I’ve always felt like the program was a way of saving money. Ultimately, families are going to purchase these products and most store the empties until their trash bins are overflowing at which time they take a trip to their local grocery store for their refund.
Eight other states participate in similar programs with a five-cent deposit, including Maine, Vermont, Connecticut, Massachusetts, New York, Iowa, Hawaii, Oregon, and Delaware. Michigan has the highest refund value and according to bottlebill.org, the state also has the highest recycling rate.
This is most likely due to the beneficial nature of the bill for both recyclers and the environment. Many families save their recyclable items for several months before turning them back in to receive their return deposit.
Since Michigan’s bottle bill took effect in 1990, the state has seen a reduction in solid waste by six to eight percent yearly. Michigan also has the highest rate of return out of all bottle bill states by nearly ten percent. According to Michiganrecycles.org, recycling is a $2 billion per year industry. In 1999, recycling provided 5,687 jobs and $243 million in wages for the state.
I’m confused as to why Colorado doesn’t have a similar program. A bottle bill for a five-cent deposit was proposed in 2011, but was killed by the committee in late February of that year. The bill, House Bill 1247, proposed that 10 percent of the recycling resources go to the economic opportunity fund, 40 percent would be put toward the state education fund and the remaining 50 percent would go toward administrative costs.
Due to a scandal in California in which residents of nearby states were caught trying to defraud the system by redeeming containers from their state in California, negative light was shed on similar bills. Republicans also argued that the program would have been a drain on Colorado’s budget.

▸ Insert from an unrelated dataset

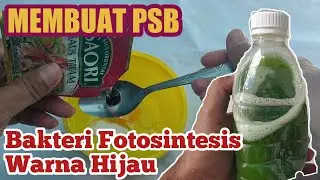 Membuat PSB (Bakteri Fotosintesis) Warna Hijau : Pupuk Organik Penyubur Semua Tanaman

Michigan experienced the same issue as California, but simply solved the problem by introducing a series of amending acts, which were passed in 2008. The acts prevent fraudulent redemption by requiring a machine-readable, state-specific mark placed on all 12 ounce metal or glass and 20 ounce plastic containers if they are sold in a volume over 500,000 cases per year.
There are ways to create a bottle bill that works for our state. I’m just wondering why an environmentally friendly state like ours hasn’t figured it out yet. I’m no politician, but facts are facts. A bottle bill would be beneficial to our citizens and to our home.